Muhammed Badamosi

Personal information
- Date of birth: 27 December 1998 (age 27)
- Place of birth: Bundung, The Gambia
- Height: 1.96 m (6 ft 5 in)
- Position: Striker

Team information
- Current team: Riga FC
- Number: 19

Youth career
- 2013–2015: Jolakunda

Senior career*
- Years: Team / Apps / (Gls)
- 2015–2016: Real Banjul / 10 / (2)
- 2016–2017: Olympique Ngor / 13 / (7)
- 2017–2020: FUS Rabat / 62 / (7)
- 2020–2023: Kortrijk / 32 / (1)
- 2022–2023: → Čukarički (loan) / 36 / (11)
- 2023–2025: Čukarički / 4 / (1)
- 2023–2024: → Al-Hazem (loan) / 30 / (4)
- 2024–2025: → Standard Liège (loan) / 8 / (0)
- 2025: → Abha (loan) / 15 / (6)
- 2025: CFR Cluj / 6 / (0)
- 2026–: Riga FC / 17 / (12)

International career^{‡}
- 2016–2017: Gambia U20
- 2018–: Gambia / 27 / (5)

= Muhammed Badamosi =

Gambian footballer (born 1998)

Muhammed Badamosi (born 27 December 1998) is a Gambian professional footballer who plays as a striker for Latvian club Riga FC and the Gambia national team.

==Early career==
Born in Bundung, The Gambia, Badamosi started his playing career at home town club Jolakunda in 2013. While at Jolakunda, he drew the attention of many GFA League First Division clubs.

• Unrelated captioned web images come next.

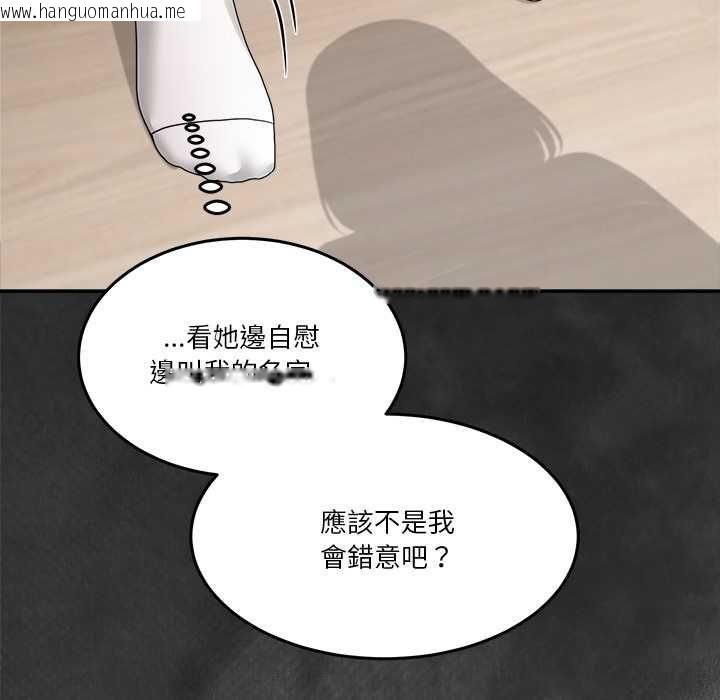 韩国漫画男人止步韩漫_男人止步-第55话在线免费阅读-韩国漫画-第70张图片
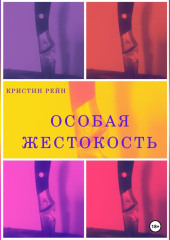 Особая жестокость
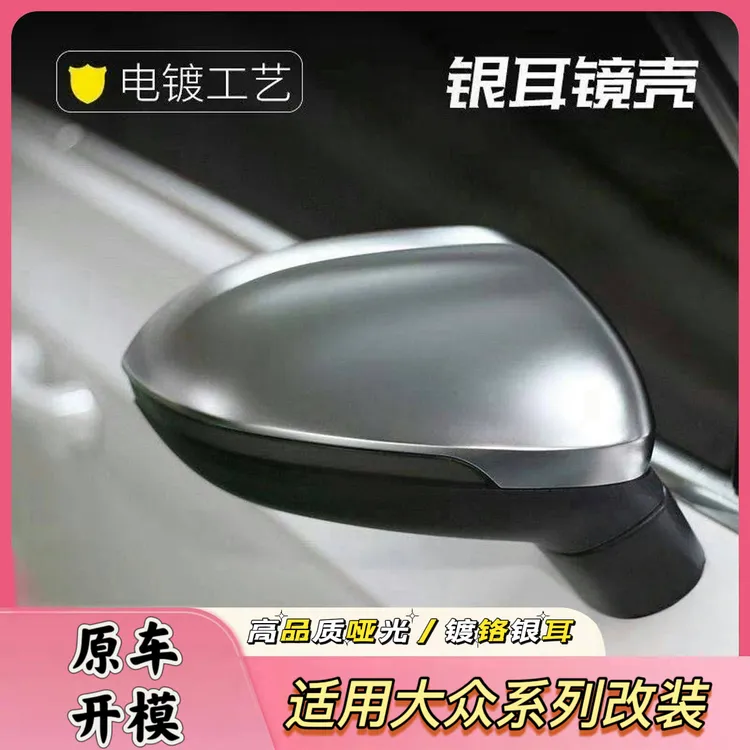 适用大众迈腾B8银耳迈腾CC蔚揽B8PA后视镜壳改装镀铬银耳哑光镜壳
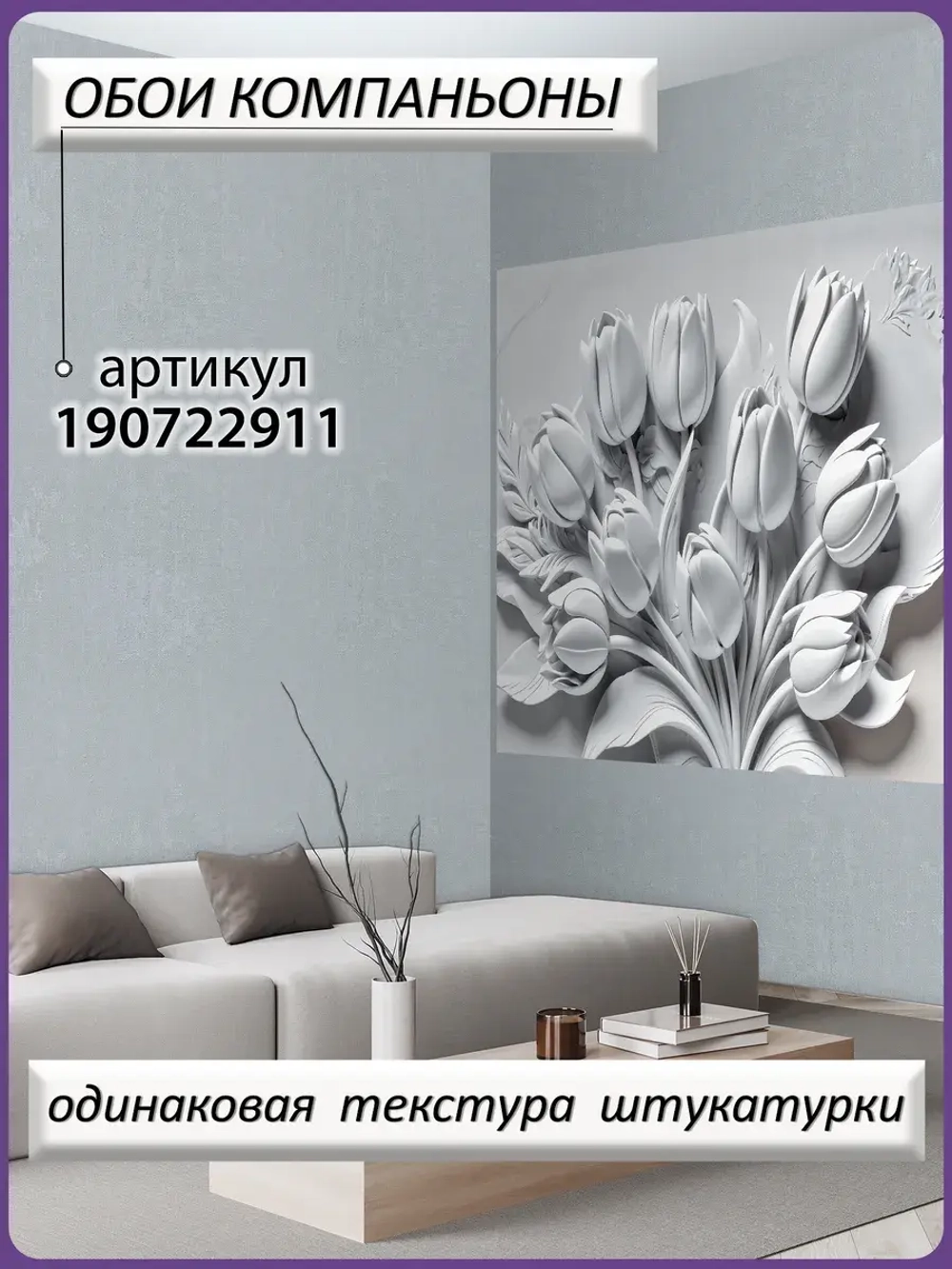 3D Объемные фотообои букет цветов серые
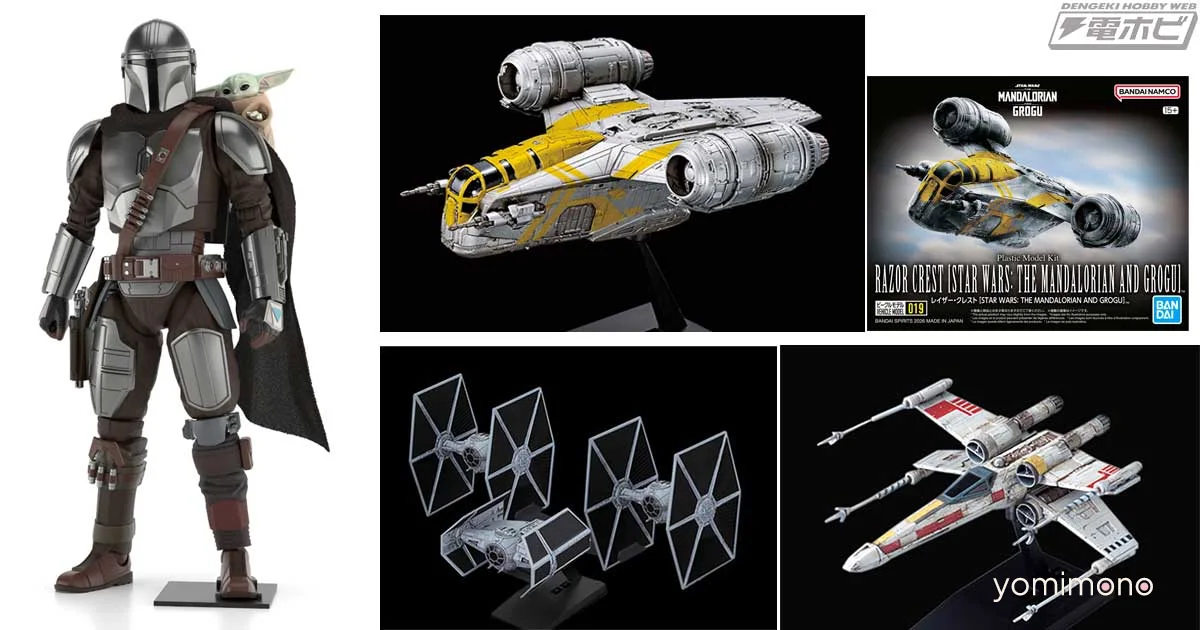 Bandai Spirits Releases Three Star Wars Model Kits on May 22, 2026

Despite still been a kid, the top clubs were eager to sign him as they saw a brighter future in him.

==Club career==
===Real de Banjul===
After a season with Jolakunda in the Nawettan League, it was GFA League First Division giant, Real de Banjul that won the race to sign the newest talent in Gambian football. He began his Real de Banjul in 2015 as he aimed to become the new star in the GFA League First Division. However, he didn't realized his dream as he had to cut his Real de Banjul career short to move to the Senegal Premier League. He made less than 15 appearances for Real de Banjul and score two goals before departing the club in 2016.

===Olympique de Ngor===
After spending less than a full season with Real de Banjul, Badamosi moved to Senegal Premier League club, Olympique de Ngor on a season loan from Real de Banjul. He may not have had the opportunity to get the goals rolling at the back of the net in the GFA League First Division, but he made use of his time in Senegal as he became one of the best finishers in Senegalese football. Just in his first year, he registered seven goals in thirteen appearances as he became the target of several top clubs.

===FUS Rabat===
After a season with Olympique de Ngor, Badamosi would go on to be the target of many clubs in Senegal and other top African countries. Following negotiations with several to top clubs, he made a permanent switch to Morocco Botola club, FUS Rabat. He joined the club on a four-year deal. He made his debut against Raja Casablanca on September 26, 2017 in the Moroccan Throne Cup match which played to a goalless draw. He scored his first Botola goal in FUS Rabat 2–0 win of Racing de Casablanca on 28 October 2017.

===Kortrijk===
On 5 October 2020, he signed a four-year contract with Kortrijk in Belgium. Due to visa delays, he did not arrive to Belgium until three weeks later.

====Loan to Čukarički====
In the summer of 2022, Badamosi joined Čukarički in Serbia on loan with an option to buy.

===Al-Hazem===
On 25 August 2023, Badamosi joined Saudi Pro League club Al-Hazem on a one-year loan from Čukarički.

===Return to Belgium===
On 28 August 2024, Badamosi moved to Standard Liège on loan with an option to buy.

===Abha===
On 1 February 2025, Badamosi joined Saudi First Division League club Abha on a six-month loan.

===Riga FC===
On 25 January 2026, Badamosi joined Latvian club Riga FC.

==International career==
===Youth===
After some brilliant performances in the GFA League First Division, Badamosi was invited by Gambia U-20 coach, Omar Sise in 2016 to attend a trial for the Gambia U-20 ahead of a crucial match against the Guinea U-20 national team in the 2017 Africa U-20 Cup of Nations qualifiers. Out of the 35 players invited, he made the final list of players for the match against Guinea. His Gambia U-20 debut ended not in the best way as Gambia lost to Guinea 2–1 in Conakry to exit the 2017 Africa U-20 Cup of Nations qualifiers.

===Senior===
Less than a year after joining FUS Rabat, he was given a call-up to the Gambia national senior team for a friendly match against Morocco.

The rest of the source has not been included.